Then my MEX function:
[groups3, aggArray3] = mg_aggregate(array, groupIndex, #(x) sum(x, 1));
Elapsed time is 0.079725 seconds.
Testing that we get the same answer: norm(groups2-groups3) returns 0 and norm(aggArray2 - aggArray3) returns 2.3959e-15. Results also match original code.
Code to generate the test conditions:
array = rand(20006,10);
groupIndex = transpose([ones(1,5) 2*ones(1,6) sort(repmat((3:4001), [1 5]))]);
For pure speed, go mex. If the thought of compiling c++ code / complexity is too much of a pain, go with Divakar's answer. Another disclaimer: I haven't subject my function to robust testing.
Mex Approach 2
Somewhat surprising to me, this code appears even faster than the full Mex version in some cases (eg. in this test took about .05 seconds). It uses a mex function mg_getRowsWithKey to figure out the indices of groups. I think it may be because my array copying in the full mex function isn't as fast as it could be and/or overhead from calling 'feval'. It's basically the same algorithmic complexity as the other version.
[unique_groups, map] = mg_getRowsWithKey(groupIndex);
results = zeros(length(unique_groups), size(array,2));
for iGr = 1:length(unique_groups)
array_subset = array(map{iGr},:);
%// do your collapse function on array_subset. eg.
results(iGr,:) = sum(array_subset, 1);
end
When you do array(groups(1)==groupIndex,:) to pull out array entries associated with the full group, you're searching through the ENTIRE length of groupIndex. If you have millions of row entries, this will totally suck. array(map{1},:) is far more efficient.
There's still unnecessary copying of memory and other overhead associated with calling 'feval' on the collapse function.
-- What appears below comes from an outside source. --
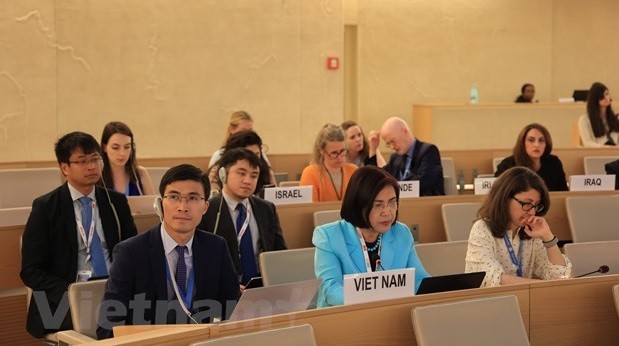 Ambassador Le Thi Tuyet Mai (in blue blazer), head of the Permanent Mission of Vietnam to the United Nations, WTO and other international organisations in Geneva, and the Vietnamese delegation at the event. (Photo: VNA)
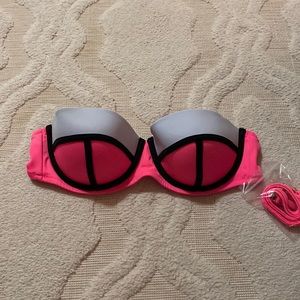 NWOT women’s Victoria’s Secret strapless colorblock bikini top. Size 36C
If you implement the aggregator function efficiently in c++ in such a way to avoid copying of memory, probably another 2x speedup can be achieved.
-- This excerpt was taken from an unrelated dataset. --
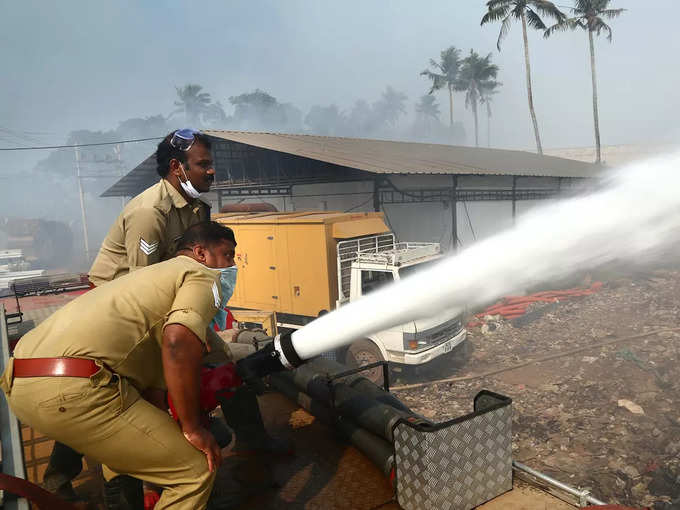 തീ നിയന്ത്രണ വിധേയം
A little late to the party, but a single loop using accumarray makes a huge difference:
function aggArray = aggregate_gnovice(array, groupIndex, collapseFn)
[groups, ~, index] = unique(groupIndex, 'rows');
numCols = size(array, 2);
aggArray = nan(numel(groups), numCols);
for col = 1:numCols
aggArray(:, col) = accumarray(index, array(:, col), [], collapseFn);
end
end
Timing this using timeit in MATLAB R2016b for the sample data in the question gives the following:
original | 1.127141
gnovice | 0.002205
Over a 500x speedup!
Doing away with the inner loop, i.e.
function aggArray = aggregate(array, groupIndex, collapseFn)
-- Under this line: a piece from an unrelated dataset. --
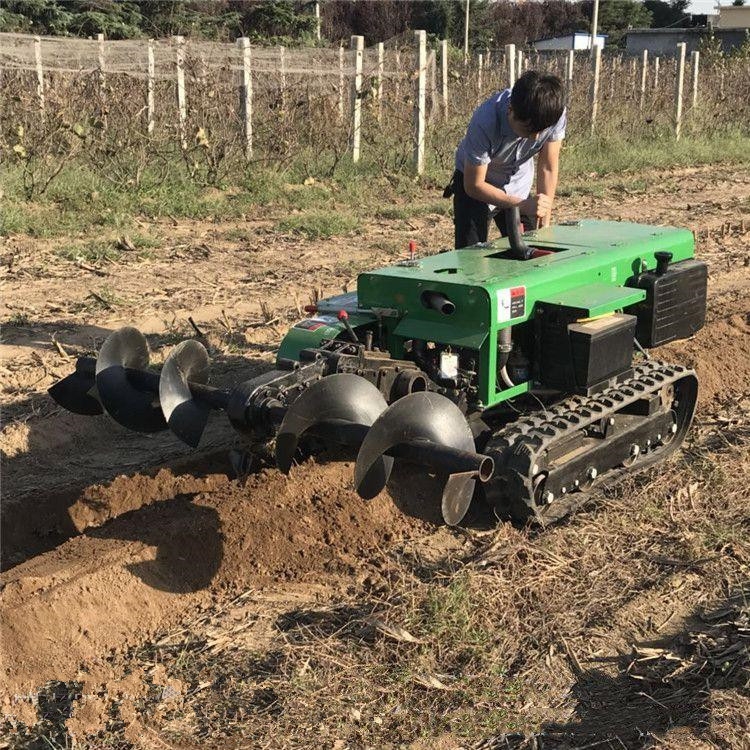 苗圃大棚自走式施肥机 遥控履带式开沟机 35马力旋耕机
groups = unique(groupIndex, 'rows');
aggArray = nan(size(groups, 1), size(array, 2));
for iGr = 1:size(groups,1)
grIdx = all(groupIndex == repmat(groups(iGr,:), [size(groupIndex,1), 1]), 2);
aggArray(iGr,:) = collapseFn(array(grIdx,:));
end
and calling the collapse function with a dimension parameter
res=aggregate(a, b, #(x)sum(x,1));
gives some speedup (3x on my machine) already and avoids the errors e.g. sum or mean produce, when they encounter a single row of data without a dimension parameter and then collapse across columns rather than labels.
If you had just one group label vector, i.e. same group labels for all columns of data, you could speed further up:
function aggArray = aggregate(array, groupIndex, collapseFn)
ng=max(groupIndex);
aggArray = nan(ng, size(array, 2));
for iGr = 1:ng
aggArray(iGr,:) = collapseFn(array(groupIndex==iGr,:));
end
The latter functions gives identical results for your example, with a 6x speedup, but cannot handle different group labels per data column.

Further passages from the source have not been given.